**Task details**
When copying the listing below, skip every picture and repeat exactly the lines from the first one through the line that contains "a bed in a room".

**Dataset extract**

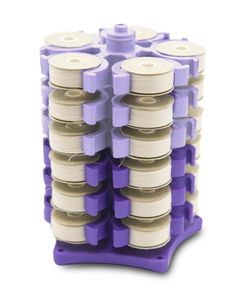 several spools of thread are stacked on top of each other in a purple holder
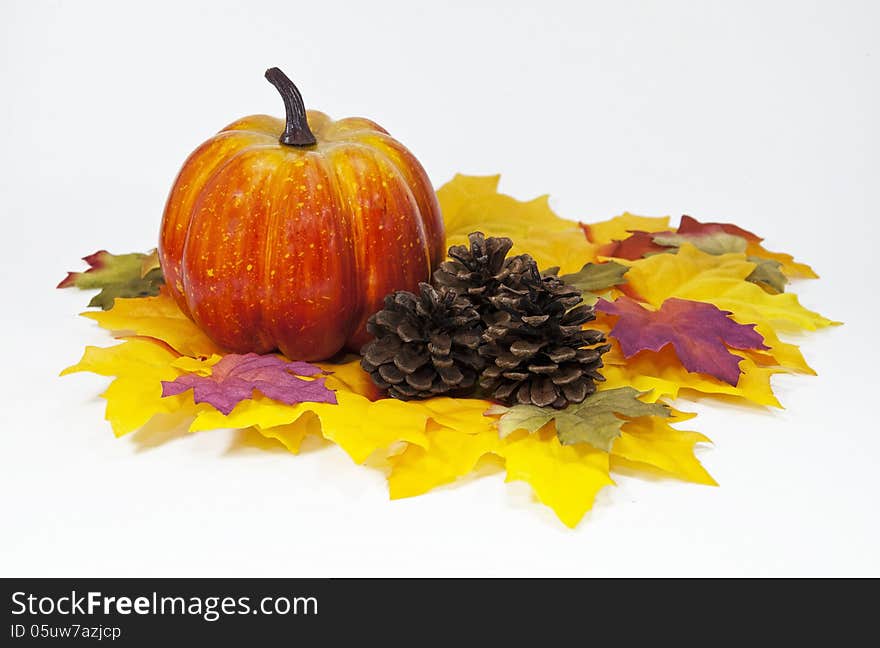 Pumpkin and pine cones on multicolored silk leaves against a white background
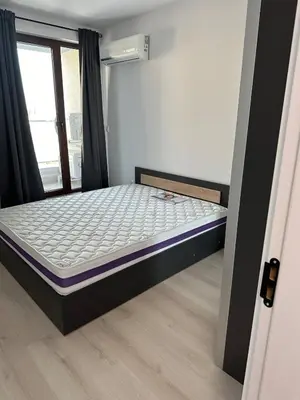 a bed in a room with a window at Lovely Stylish Brand New Flat in Sofia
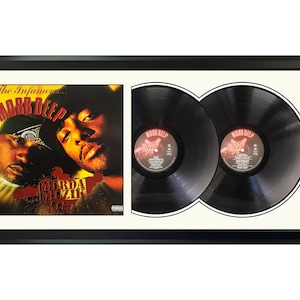 May include: A framed double LP record set of Mobb Deep's album "The Infamous..." with a black frame and a white mount. The album cover features a yellow and red design with the text "The Infamous... Mobb Deep" and "Murda Muzik 1995".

**Task solution**
 several spools of thread are stacked on top of each other in a purple holder
 Pumpkin and pine cones on multicolored silk leaves against a white background
 a bed in a room with a window at Lovely Stylish Brand New Flat in Sofia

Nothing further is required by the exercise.